Of course, the feminism in the writing isn’t the only delightfully inclusive aspect to it; it’s also a book with wonderfully diverse representation throughout the cast, including both an asexual protagonist and a trans friend/love interest. Their sexual orientations and gender identities aren’t merely hinted at; they are displayed proudly on the page, which isn’t something we see often in fantasy novels, much less little novellas like this one. It was evident from the start that Seanan cares enough about representation to find room for it no matter how small the page count may be, and I appreciated that so much.

This was always the difficult part, back when she’d been at her old school: explaining that “asexual” and “aromantic” were different things.

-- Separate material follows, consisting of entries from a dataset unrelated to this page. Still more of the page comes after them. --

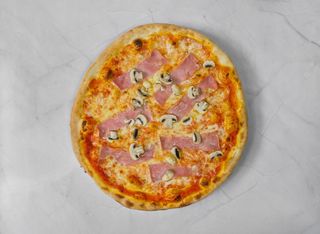 Pizza Prosciutto E Funghi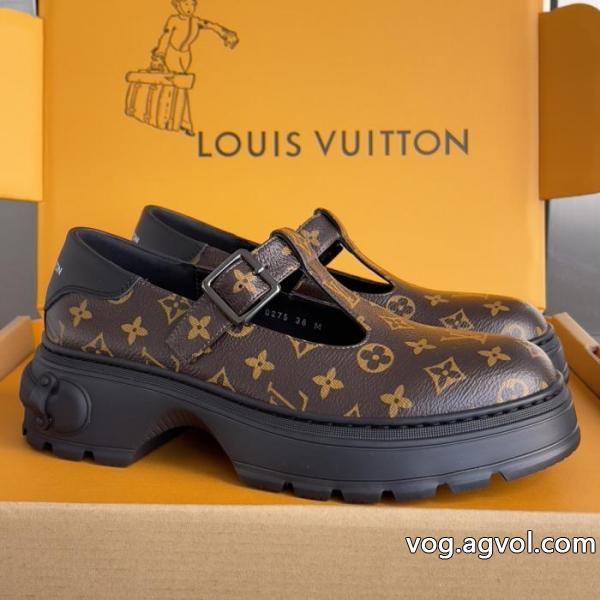 偽物 通販 サイトLOUIS VUITTON&nbsp;&nbsp;スニーカー有名な 期間限定セール デザイン性と機能性を備えている.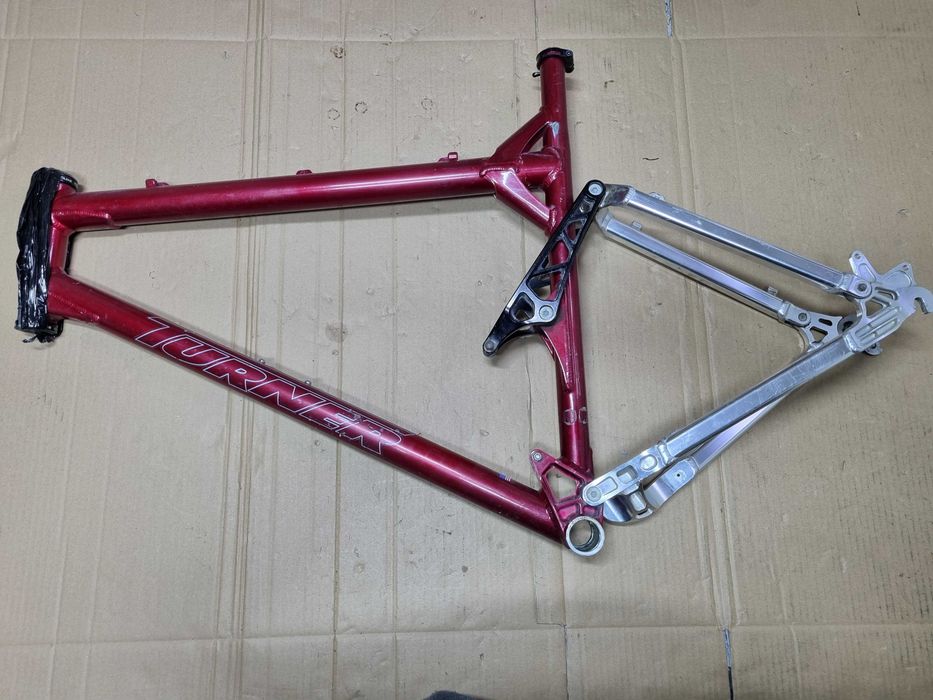 Rama typu full Turner, pod 26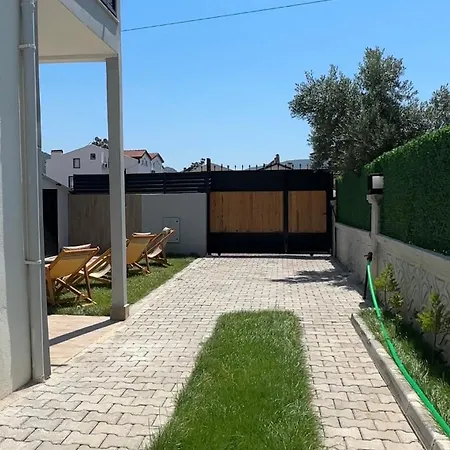 Oeztuerk I For Rent Vilă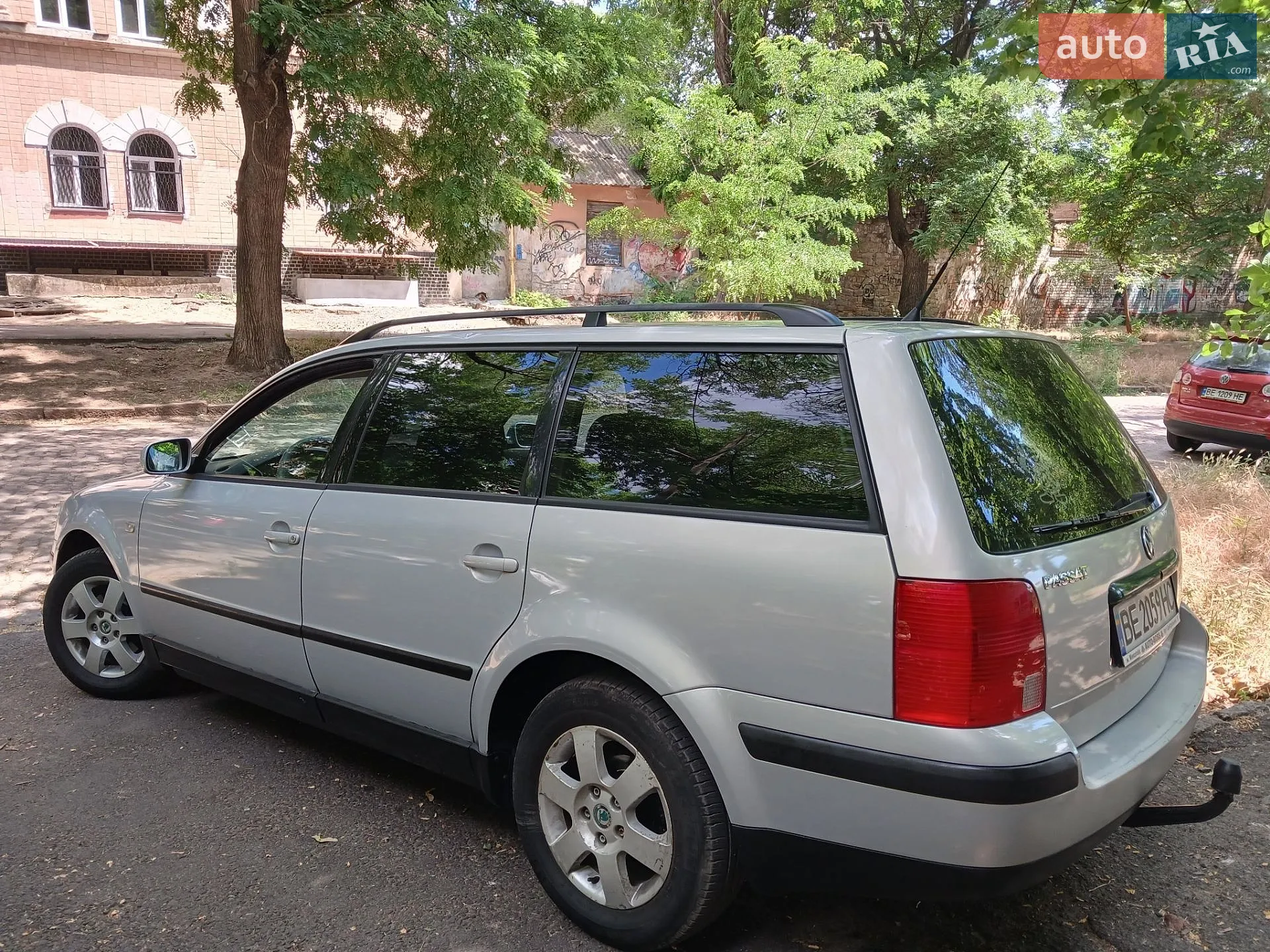 Volkswagen Passat 2000 VIN WVWZZZ3BZYE285746 фото оголошення 2 з 18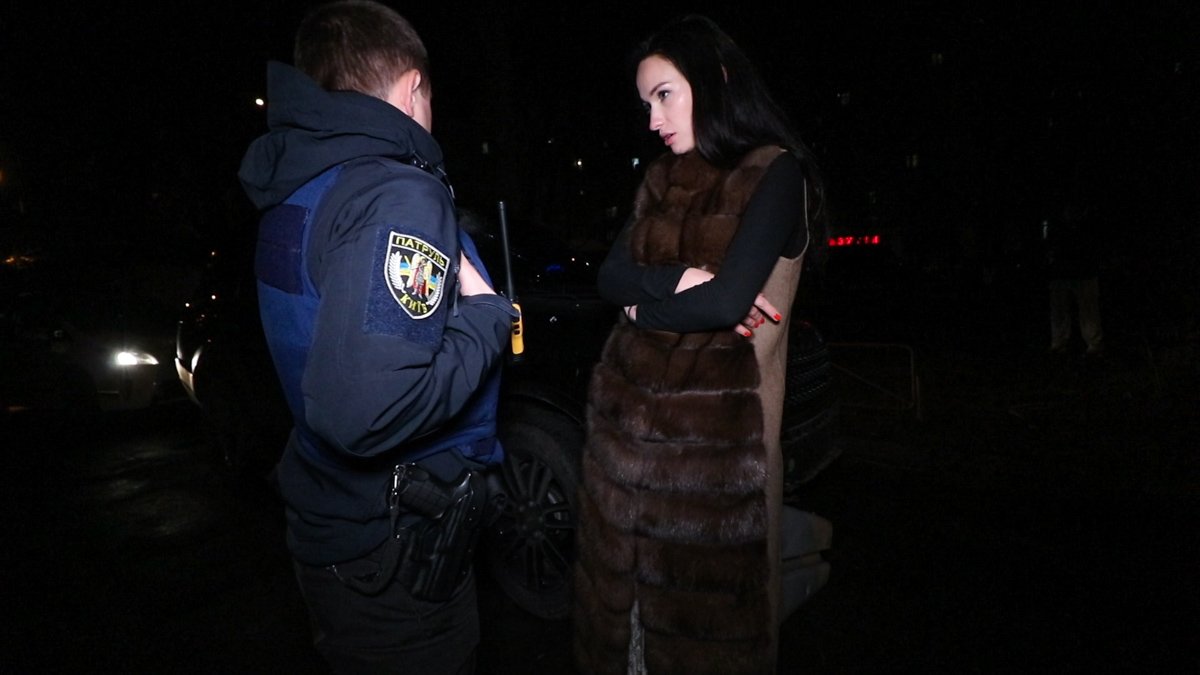 Даже доводы правоохранителей о том, что действия журналистов законные ее не остановили Даже доводы правоохранителей о том, что действия журналистов законные ее не остановили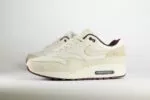 Nike Air Max 1 Sail Burgundy Crush – Beige – Heren/Dames/Uniseks Sneakers – Mesh/Nubuck - HF8127-100 – Zijkant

Not only does she offer such wonderful rep, but she also takes the time to dismantle a few myths, tropes, and assumptions. We have an asexual character, explaining that ace does not equal aro, and that she’s capable of romantic interest and physical affections, regardless of her views on sex itself. I don’t think I’ve ever read a book with such prominent ace rep, and while I’m not on the ace spectrum myself, I thought that it came across as fantastically positive rep.

“You’re nobody’s doorway but your own, and the only one who gets to tell you how your story ends is you.”

I could honestly ramble forever about this little story, but the bottom line is that it is an incredible tale of acceptance, healing, friendship, trauma, and finding yourself – be it in this world, or another. I cannot recommend this series highly enough, and I am so eager to continue it and see what else Seanan has in store.